Further, the fox machine is able to sense its environment. This ability includes the ability to sense states in itself. The fox machine, then, can observe whether

I am hungry

is true. If the fox machine observes that "I am hungry" is true, this observation triggers its maintenance goal. When the maintenance goal is triggered, it introduces the achievement goal

I find cheese and eat it

This achievement goal triggers the reasoning process to find a plan to find cheese and eat it.

Adding Prohibitions to the Model

The logic programming/agent model, as I have set it out thus far, has shortcomings as a model of a rational agent, but I think it does give us some indication of how we might build a machine that acts. So now it is time to turn to the problem of how to give such a machine ethics.

At the outset, I suggested that a way to do this is to give the machine prohibitions.

Suppose there is a machine designed to promote public safety, and suppose that this machine finds itself in a situation where there is a runaway trolley. Further, instead of the usual example familar from the consideration of utilitarianism, let the situation be a variant in which the machine is standing on a bridge over the track, a human is standing next to the machine, and the only way to stop the train from killing the five people on the track is for the machine to throw the human onto the track. Suppose that the "public safety machine" has the following "beliefs" in its KB:

Five people are on the tack.
A train is speeding along the track.
The five people cannot escape from the track.
A human is standing next to me.
This human is an innocent bystander.

Suppose that the “public safety machine” has the following maintenance goal:

if people are in danger of being killed by a train,
then I respond to the danger of the people being killed by the train.

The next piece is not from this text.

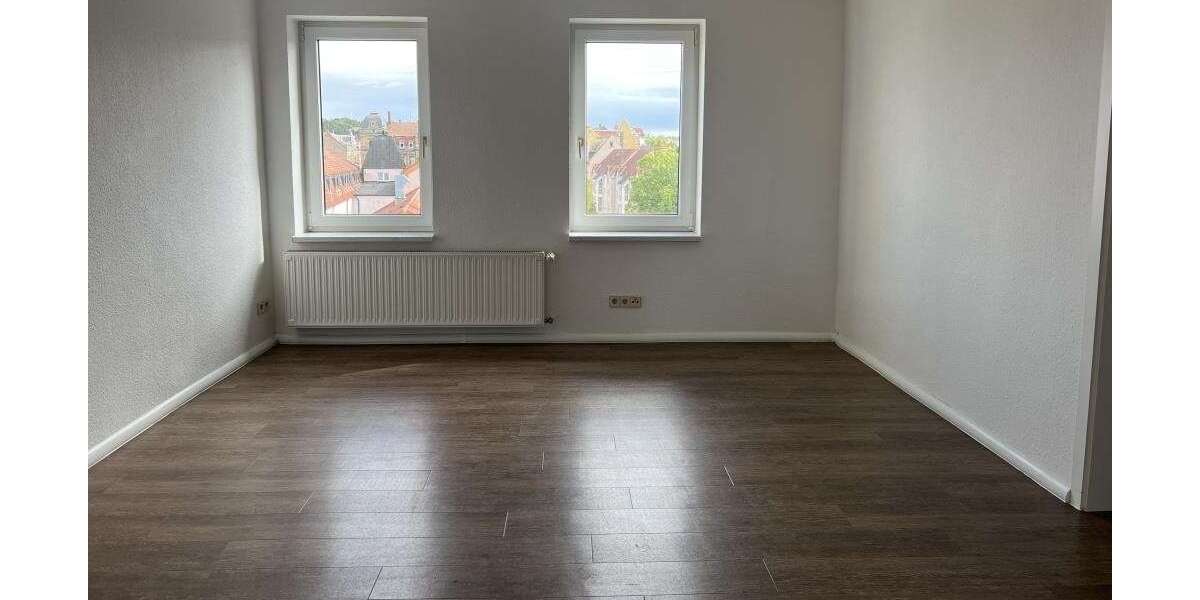 Etagenwohnung Döbeln - 4 Zimmer, 100 m&sup2;, 525&euro; | Angebot:24976482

Recall that the "fox machine” has the ability to observe the state that triggers its maintenance goal: namely, that it was hungry. The "public safety machine" cannot simply observe that people are in danger of being killed by a train. It will have to form this belief on the basis of what he can observe. Just how this would work is not obvious, but we can put this issue aside for now. We can suppose that the machine does form this belief and that forming this belief triggers its maintenance goal. So, at this point in its reasoning, it has the following achievement goal:

I respond to the danger of the people being killed by the train.

To achieve this goal, the machine must have beliefs in its KB about what it can do to respond to the danger. So assume it has the following beliefs in its KB:

I respond to the danger of the people being killed by the train
if I ignore the danger.

I respond to the danger of people being killed by the train
if I save the people from being killed by the train.

I save the people from being killed by the train
if I throw the human onto the track.

Given these beliefs, the public safety machine can form two plans:

I ignore the danger

or

I throw the human onto the track

To decide between these plans, the machine must have the ability to reason prospectively from these plans to their consequences. Here is where the prohibition comes in. It takes the form

If I kill a human and the human is an innocent bystander, then false.

This prohibition gets triggered (against the background of its beliefs) if the machine reasons from the second plan to the consequence

I kill a human and the human is an innocent bystander

This consequence triggers the prohibition, and the prohibition rules out the plan.